I still buy physical media. Honestly, I do not why because jewel cases these days are empty, and even the discs/cartridges themselves are basically just download codes. Maybe I just want to keep GameStop in business, I dunno. I already sound old when I talk about "back in my day", but we used to build shit in this country and we used to get things in our games. You had to walk fifteen miles in the snow to go to school, and your games came with beautifully-illustrated companion pieces. This was especially important back in the 8-bit days (pre-Eric, I'm not that old). The first Zelda could only fit 128kbs into its cartridge, so there was not much room for story, and nobody built tutorials into games yet. The only help you got came with the companion booklet, that was essential to the game. Without the pages, you had to reply on magazines, schoolyard rumor, or random chance to play it.
With perfect knowledge, Tunic is a trivial experience, which speedrunners can complete in mere minutes.
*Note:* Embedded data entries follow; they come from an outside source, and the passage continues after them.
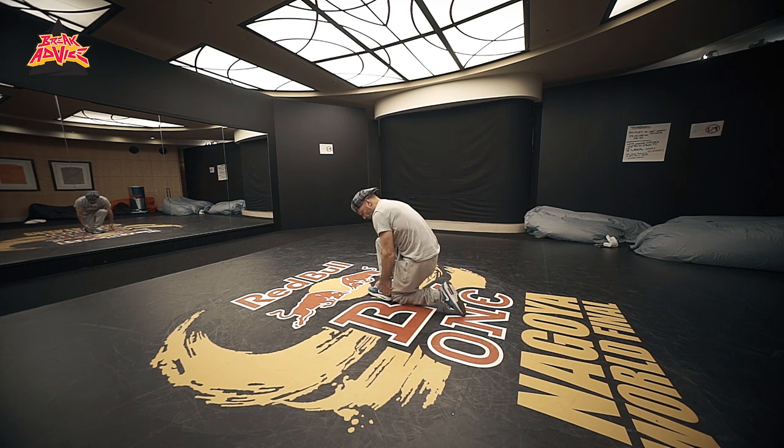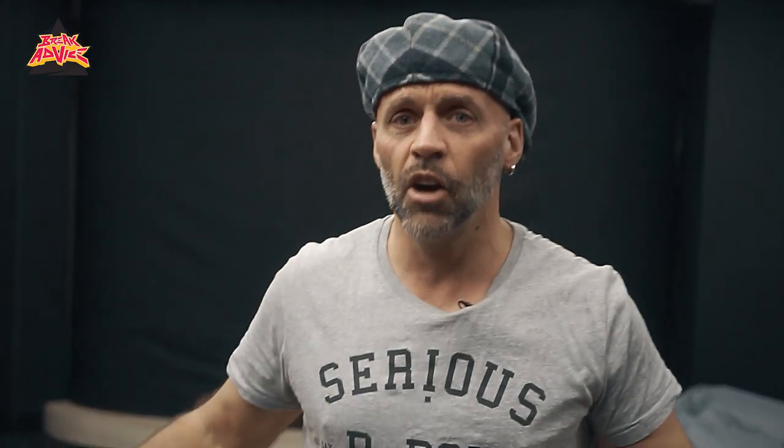All right guys, you see how I look right now — I do not have a sunburn. This is what happens if you stand too much on your head, but it's actually good for blood pressure.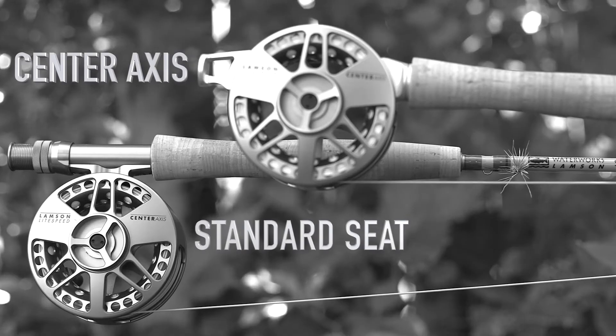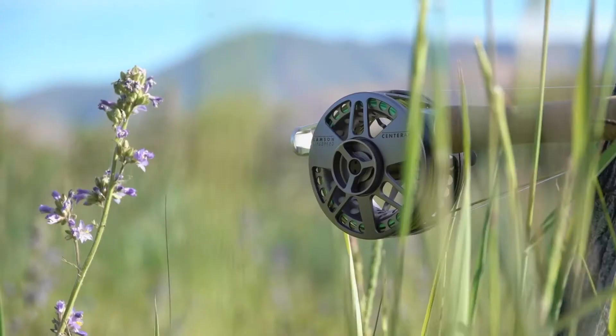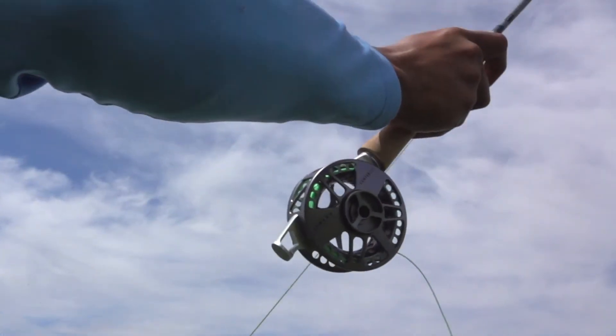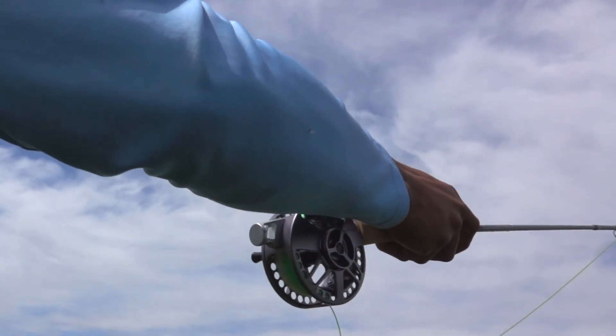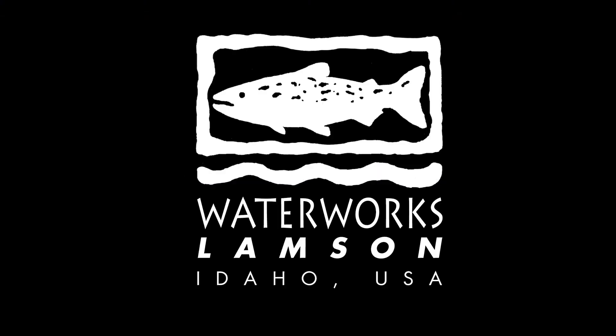So now the next logical step is, imagine the mass of that reel sharing the axis of the rod. Imagine the mass of the rod and reel in the rod.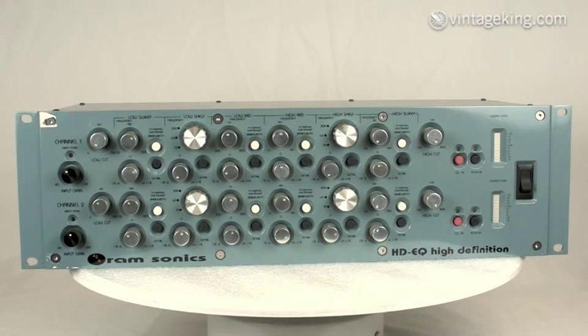On your low mids you go from 250 Hz to 2.5 kHz. High mids go from 1k to 9 kHz. Your high shelf has three settings — 3 kHz, 6 kHz, and 20 kHz — and your high sweep goes from 5k to 18k.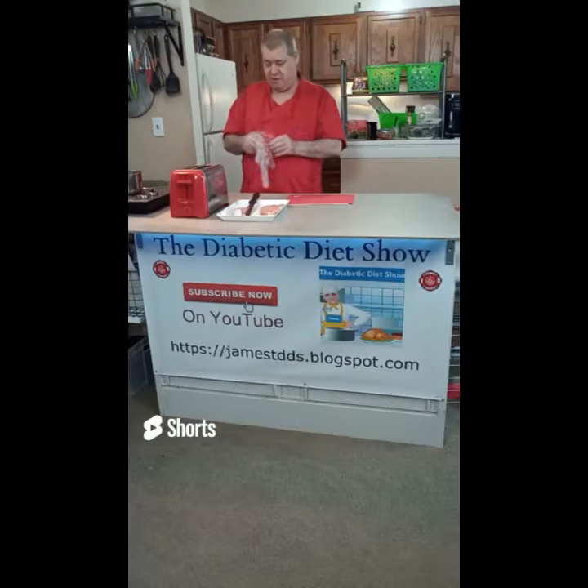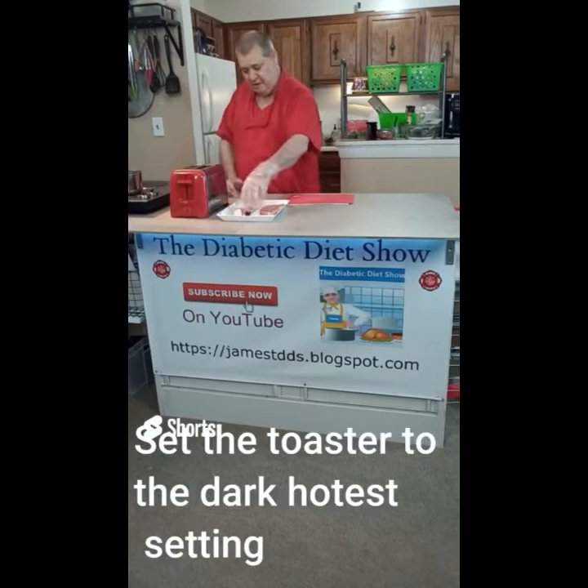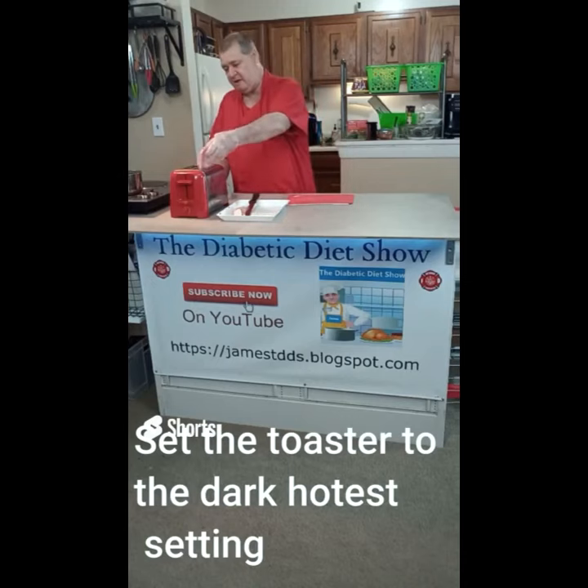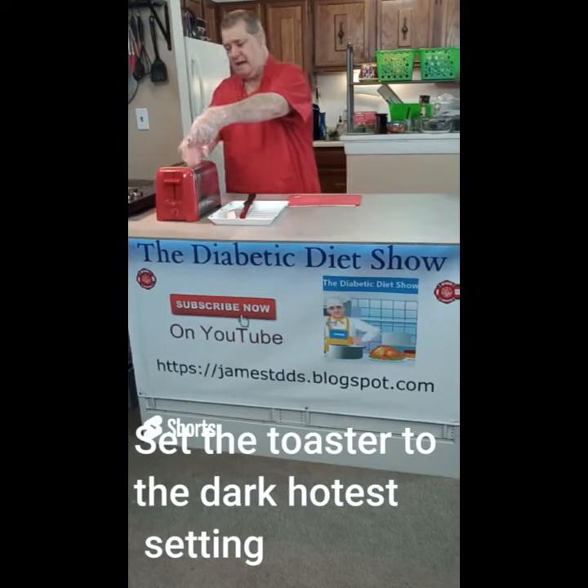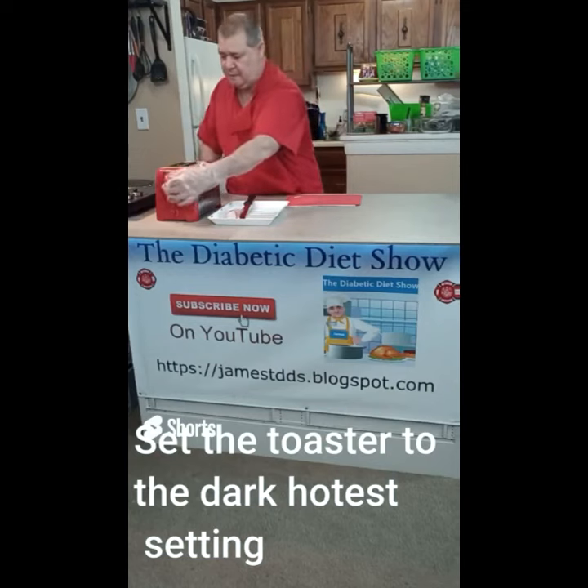I believe that you can cook a steak or pork chop in your toaster. This is one of those big thick pork chops — I cut the back off it, and then I have the toaster here like this. I'm gonna put it in there.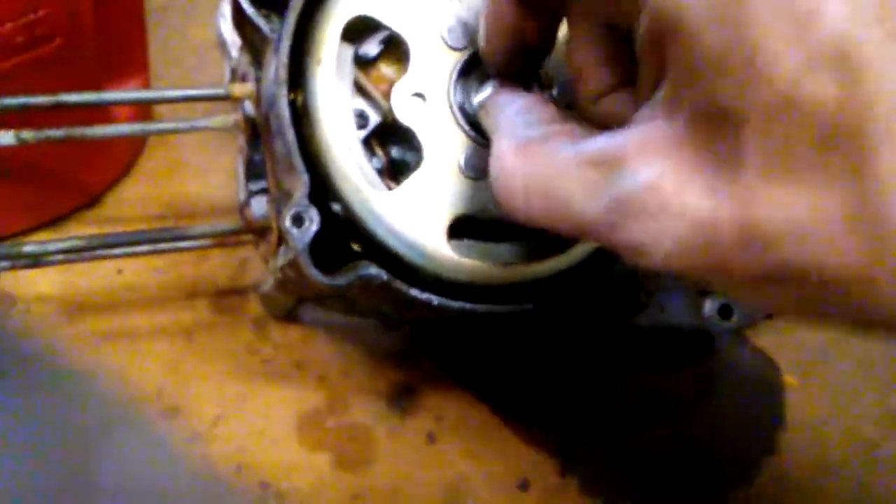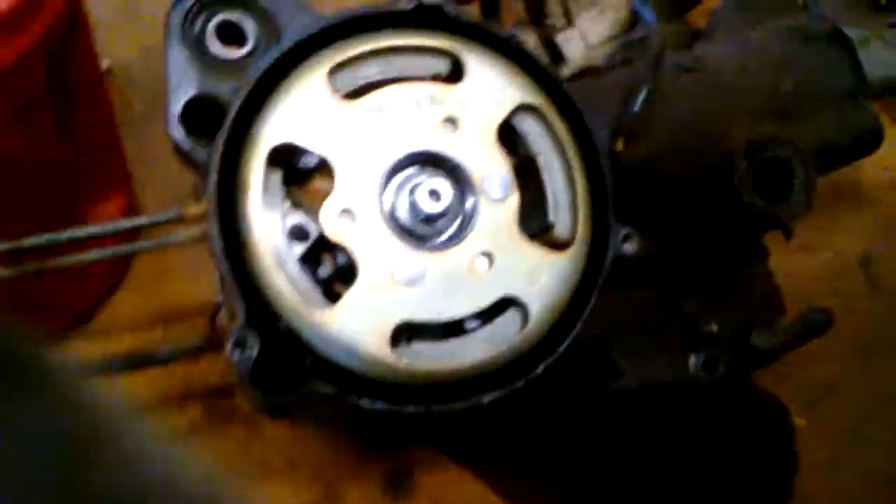I've already got this impacted off. I have to use a magnet to get that, so let me grab that right quick. We've got the washer out. You've got to have one of these polers or you're never going to get this thing out.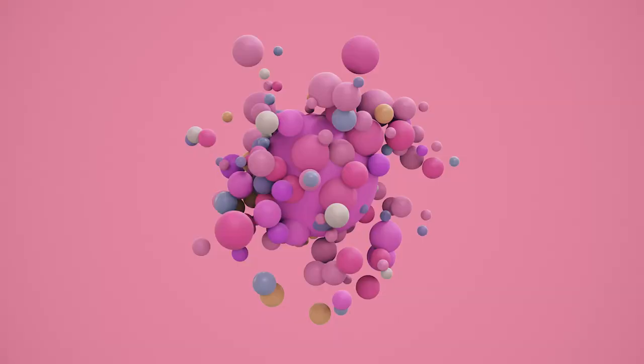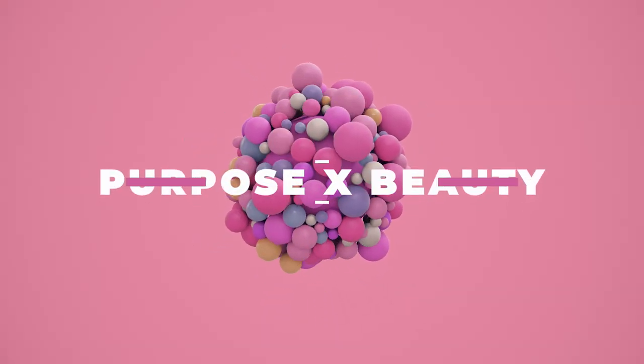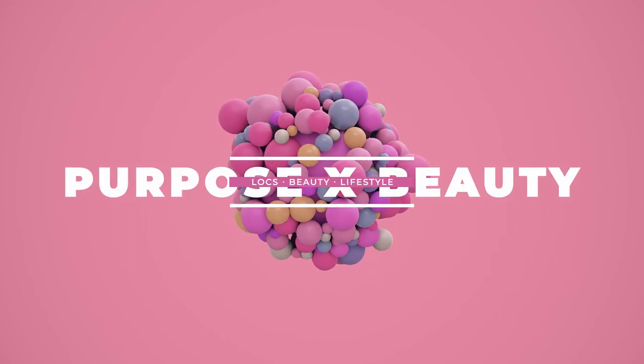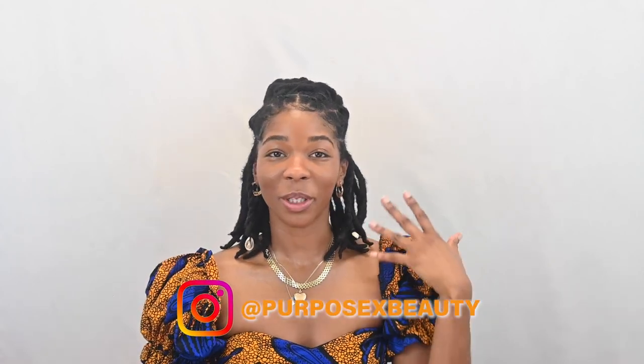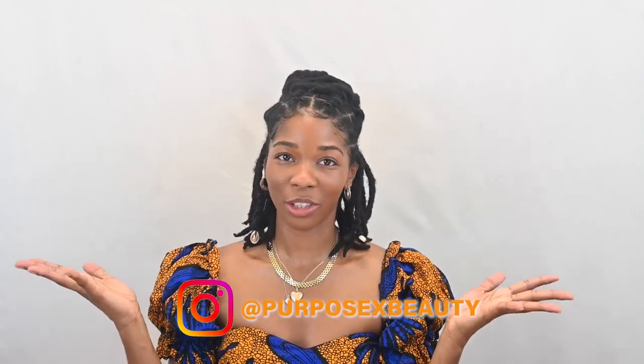The fastest way to lock your hair: comb coils, hands down. The easiest way to lock your hair has got to be two-strand twists. Welcome to Purpose X Beauty where we talk about everything locks, lifestyle, and beauty. My name is Simone and this is the ultimate guide to help you figure out what method will work best for you starting your locks — whether that be comb coils or two-strand twists.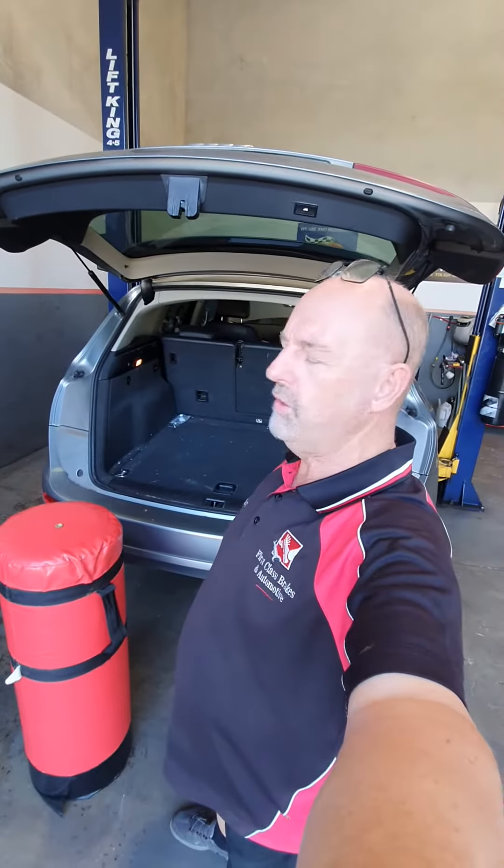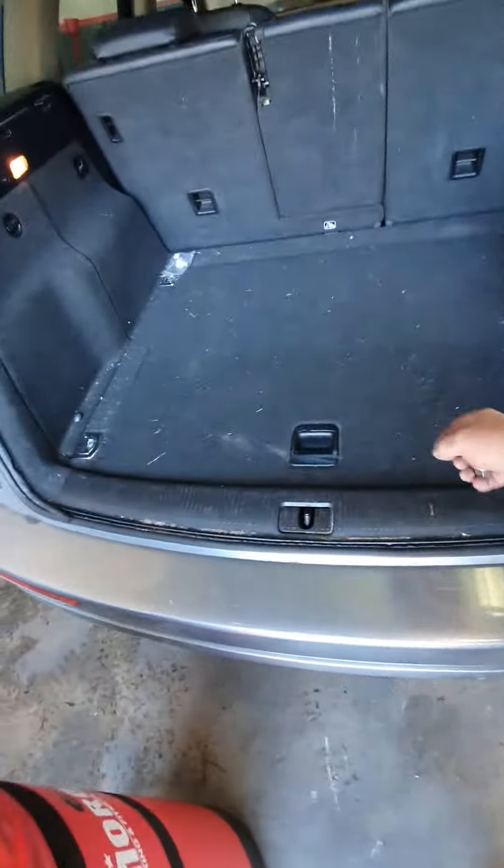Don't go looking in the glove box — no, no, no. Don't go looking in the center console — no, no, no. Don't go looking in the side of the door — no, no, no. Get into the boot, lift it up, grab it out, pop it on, and get going.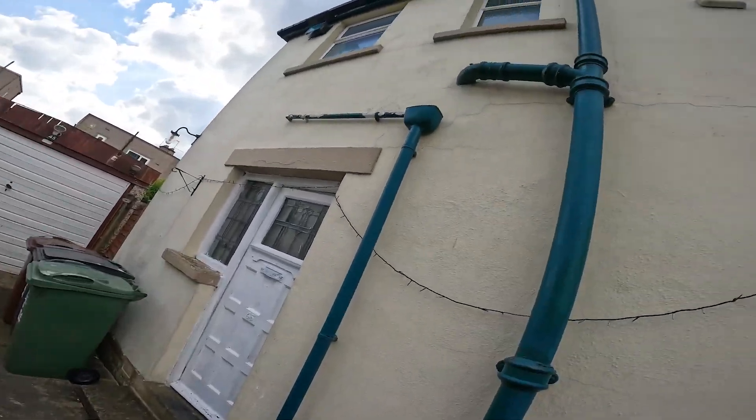Hey, it's James from Fini Electrical and today's video we're doing some testing on this wonky house. Let's get into this.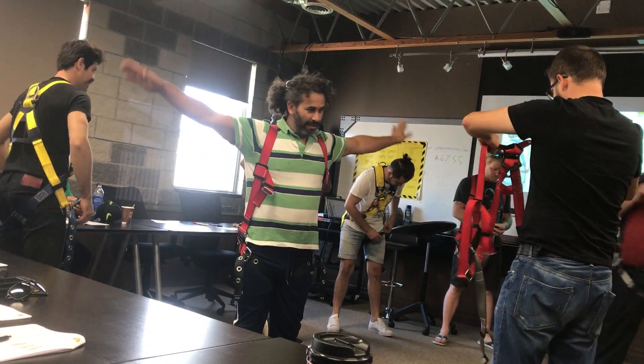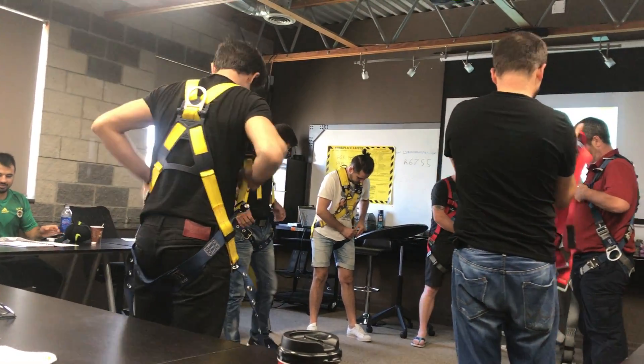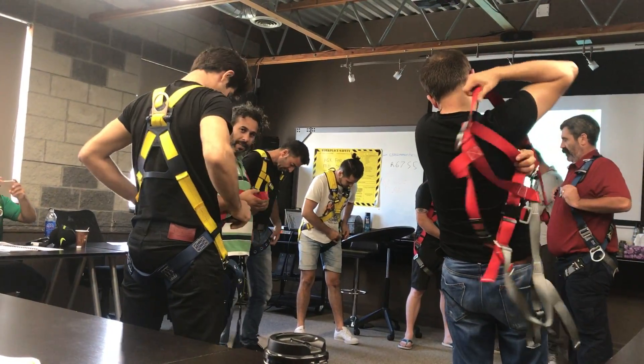The last thing we'll do is you'll do up your chest strap. When you do up your chest strap, you want it to be in line with your nipples.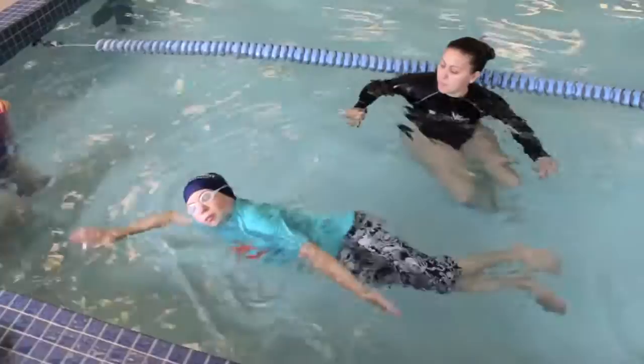Alright, I'll take my noodle back. Nice job today, high-five, nice job, see you guys next week.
However, Tunic is all about tricks, all about a puzzle whose pieces you cannot see. So we start with no knowledge, no pages of the instructions. All you have is instinct from Zelda experience, blind luck, and a wooden stick you found in a cave.
Tunic, very cleverly makes the manual part of the game. These pages are items scattered all across the world, all clearly drawn in the style of the Zelda NES instruction booklet. (They went so far as to even imitate the small errors a physically-printed booklet would have in its color illustrations.) This allows for Tunic to control the player's knowledge. Some pages are the map, some tell you important gameplay mechanics such as the exhaustion system, some give you hints as to what the blueberry item might do. Another layer of the puzzle is the script is the manual is written in, which is these complex geometric runes. But like much of this game, it's only a sight-line trick. The script is English but written with a phonetic alphabet. Redditors solved the whole language injust a few weeks (Big Spoilers).
Like the language and the manual pages, Tunic's overworld map is full of things hidden in plain sight. The isometric perspective is not just retro, it's key to the illusion. The camera angle is hiding all kinds of secret passages and short cuts. Some of these are painful to discover, you will have spent an hour fighting through a horde of tough enemies, until you realize that hugging the corner takes you to a passage right to the area with the Shield.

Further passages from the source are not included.